Some of the police were perfectly civil and spoke to us as if we were human beings.
There was one sergeant, however, who was completely nasty to everyone. I’ve heard that the personality type that goes into police work is the same personality type that goes into crime– I believe it.
Did you know that it’s apparently illegal to swear in front of the police?
As the afternoon wore on, riot police showed up with the tools of their trade– weapons and dogs. The atmosphere became a lot less pleasant. The riot police were clearly there to escalate the situation and frighten everyone.
At one point, students tried to rush into the building. Bad idea. The police responded as police do: with violence.
I stood ten feet away and watched the police brutally shove and beat two students who had not struck them. I’d never witnessed police brutality firsthand before, and it’s not something I’m keen to experience again. It was deeply disturbing.
One officer with a dog essentially threatened another photographer with being bitten if she didn’t stay back.
The police kept pushing and pushing. There’s a technique called “kettling” which they use at the SmashEDO protests– you trap the protesters in a small area and essentially do what you can to infuriate them.
It was pretty grim at that point, getting colder and colder as the sun set. I worried that the police would wait for nightfall and drag the occupiers out one by one.

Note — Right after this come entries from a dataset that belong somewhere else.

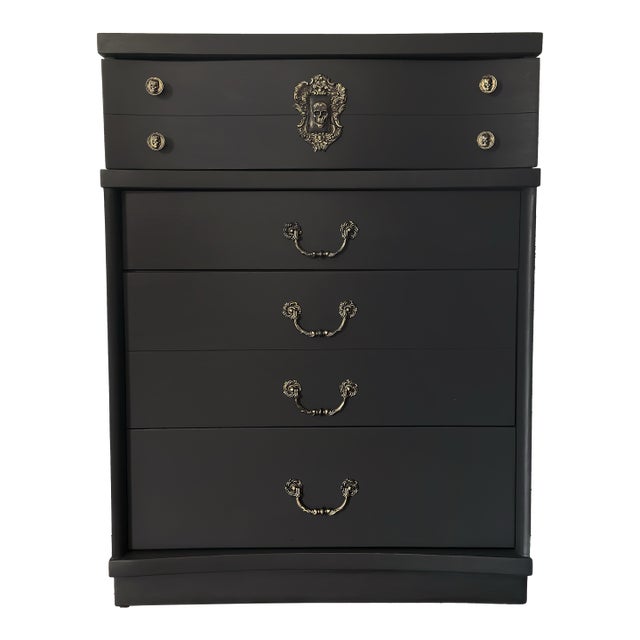 Bassett Highboy Dresser, Matte Black, Skull Hardware, Dark Romantic Bedroom Furniture For Sale
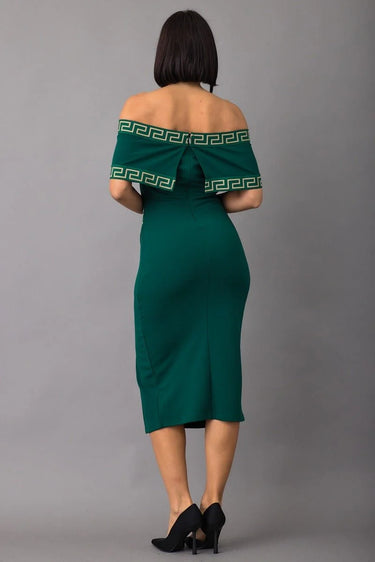 Greek Border Pattern Off Shoulder Green Midi Dress close up detail of off shoulder design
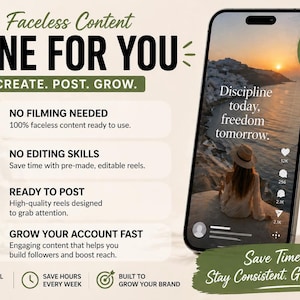 May include: A promotional graphic with the text "Faceless Content DONE FOR YOU" and a smartphone displaying a scenic photo with text. The graphic promotes ready-to-post content, no filming or editing skills needed, and account growth. Includes a plant in a white pot.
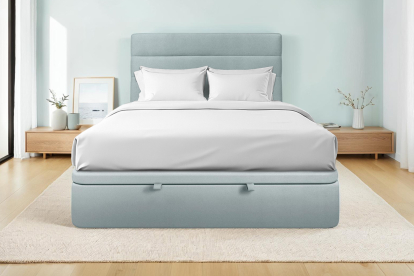 Lit coffre 140x190 cm avec Tête de lit à lignes - Tissu Velours Gris Bleuté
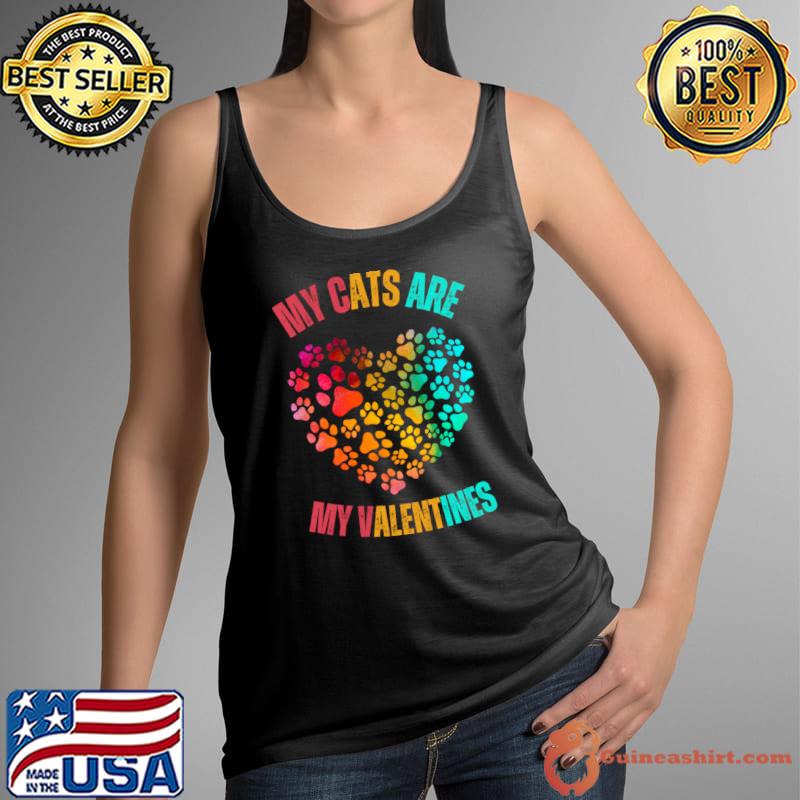 My cats are my valentines hearts color T-Shirt Tank Top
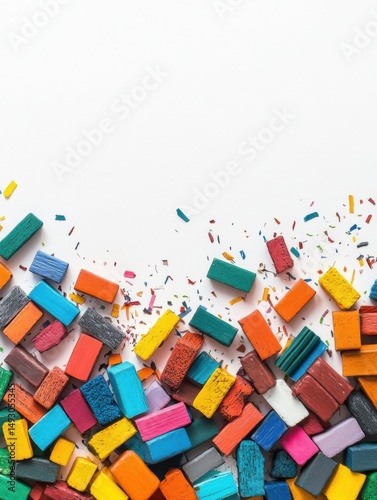 Colorful wooden blocks scattered on white background overhead flat lay studio shot for art education or creative play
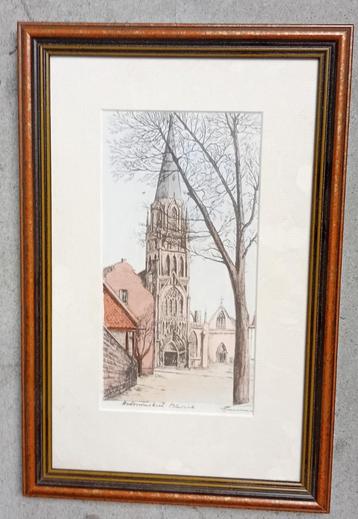 Vintage Tekening Antoniuskerk Blerick Kunst Limburg Print beschikbaar voor biedingen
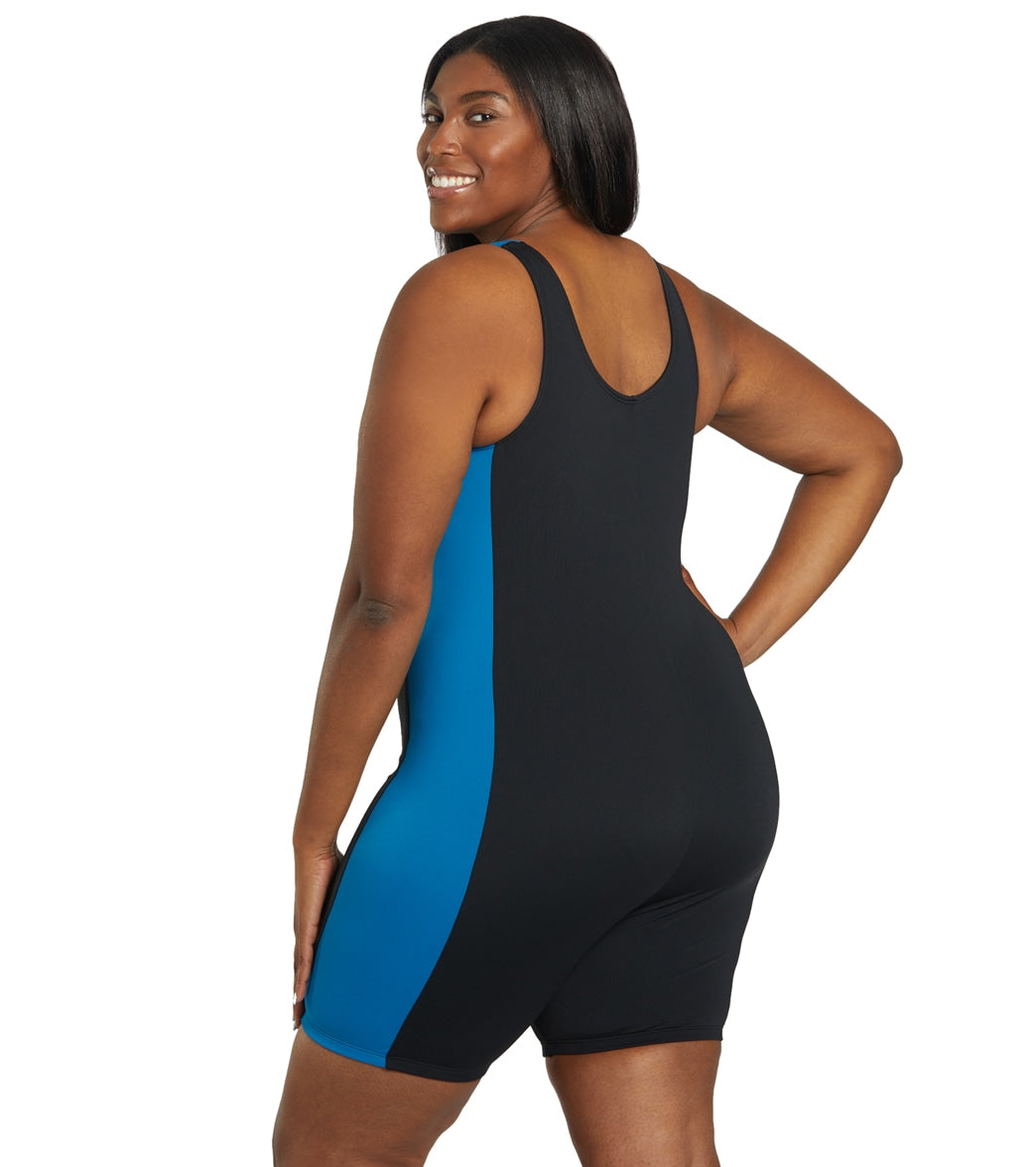 Sporti Plus Size HydroLast Chlorine Resistant Splice Scoop Back Unitard One Piece Swimsuit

We tried to keep ourselves warm with dancing. Lots of people were taking video, which will come in handy for complaints about the police brutality.
Eventually at about 6pm the occupiers left of their own volition with arms linked. The crowd welcomed them with cheers and chanting. We danced around to some more music, and then people started to go their separate ways.
This experience has left me shaken. I’ve come from it with a greater respect for people who do this sort of thing on a regular basis and a much greater distrust of the police. Their behaviour, and the craven behaviour of management, is an illustration of what people with power will do to maintain it: anything.
Management have failed to do a lot of things properly, but what they failed to do yesterday is prove to me that they’re not precisely the sort of rapacious, evil, and incompetent tin dictators that people have been saying they are. They called riot police on their own students, riot police which then brutalised said students, and they blatantly attempted to use their own refusal to leave the building as an escalation tactic. Shame on all of them.
The campaign will continue. We will occupy again. We will support UCU in strike action. This is OUR university.